**Directions**
Every line in the data below from the one containing "Homewood Suites by" down to the one containing "Damen Shorts Bershka, Größe", both included, must be retyped exactly; no other line is to appear.

**Provided information**

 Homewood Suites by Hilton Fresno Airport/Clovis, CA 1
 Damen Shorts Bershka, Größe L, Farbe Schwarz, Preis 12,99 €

* * *

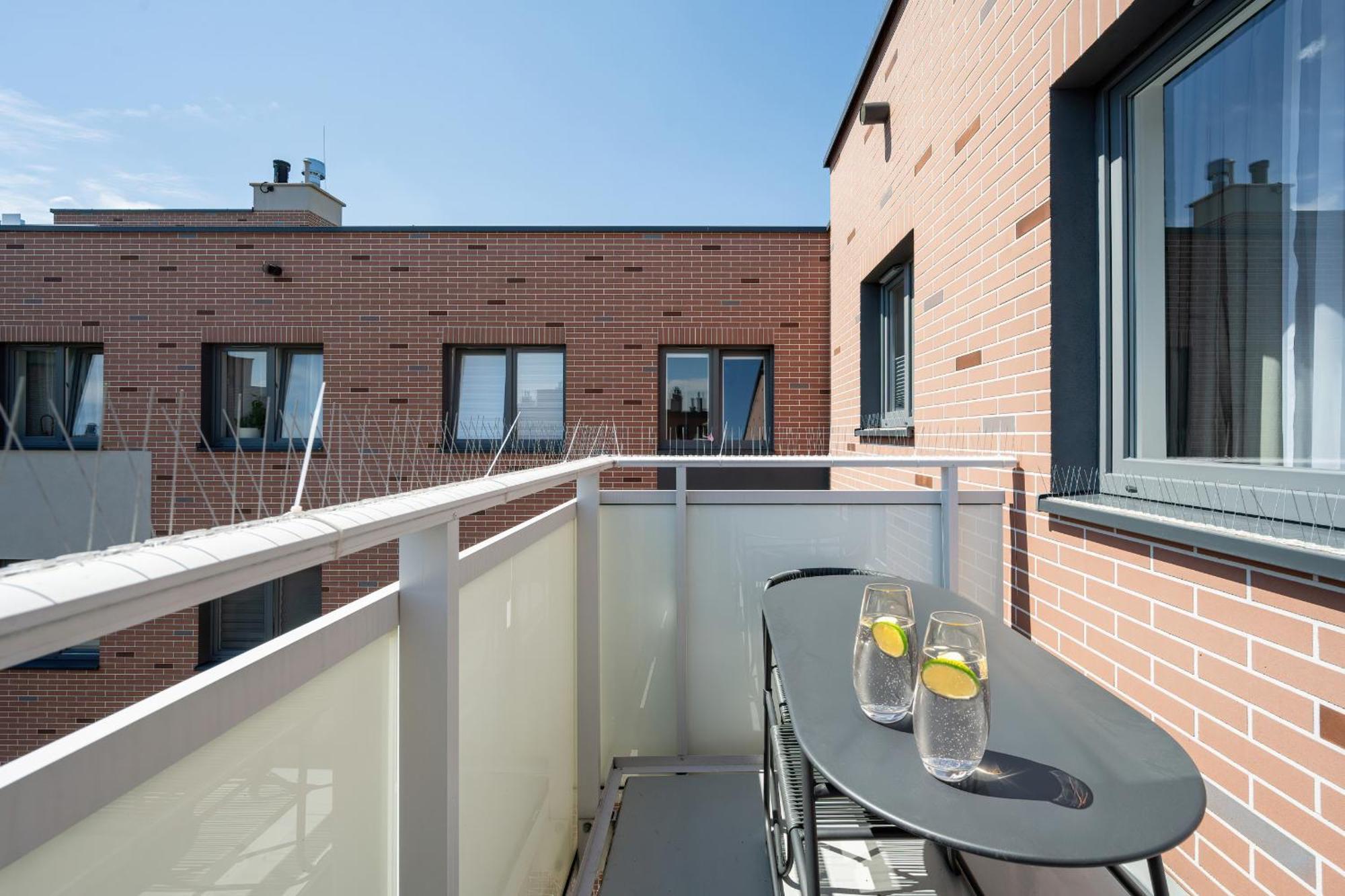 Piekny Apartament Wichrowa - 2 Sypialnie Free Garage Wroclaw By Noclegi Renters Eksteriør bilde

**Answer box**
 Homewood Suites by Hilton Fresno Airport/Clovis, CA 1
 Damen Shorts Bershka, Größe L, Farbe Schwarz, Preis 12,99 €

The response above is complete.